Defendant now contends that "defendant is entitled to resentencing under State v. Pierce [188 N.J. 155 (2006)]" because the imposition of an extended term for carjacking was illegal. However, the Pierce court relied on State v. Natale, 184 N.J. 458 (2005), with respect to remedy, State v. Pierce, supra, 188 N.J. at 172, and Natale made its holding applicable only to cases in the "pipeline," that is those "cases on direct appeal" when Natale was decided, and those cases in which defendant raised, in the trial court or on direct appeal, a Blakely v. Washington, 542 U.S. 296, 124 S.Ct. 2531, 159 L.Ed. 2d 403 (2004), claim challenging the ability of the court to impose a sentence above the "presumptive" term without jury fact-finding. Natale, supra, 184 N.J. at 493-94.

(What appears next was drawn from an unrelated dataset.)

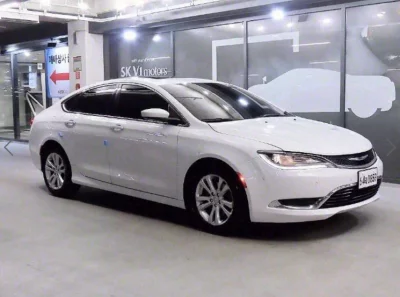 Chrysler 200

Defendant further asserts that "prior to Pierce, defendant relied upon Apprendi[v. New Jersey, 530 U.S. 466, 120 S.Ct. 2348, 147 L.Ed. 2d 435 (2000)] on [a] motion to correct an illegal sentence when he argued that the extended term could not be imposed by a judicial fact-finding of a need to protect the public." An extended term under N.J.S.A. 2C:44-3(a), as imposed in this case, is an acknowledged exception to the ApprendiBlakely rationale because of the "prior conviction" exception, but Pierce also addressed the additional requirement, previously imposed by case law, of a finding that the extended term was required for "protection of the public." Pierce, supra, 188 N.J. at 167, 170. There is nothing in the record before us reflecting that defendant made an argument in the trial court or on his direct appeal which preserves his right to assert relief under Pierce. To the contrary, our opinion on the direct appeal reflects he only made a claim that the "extended term . . . was manifestly excessive and represents an abuse of discretion," and we agreed only as to that part of his argument on direct appeal which required vacation of a second extended term.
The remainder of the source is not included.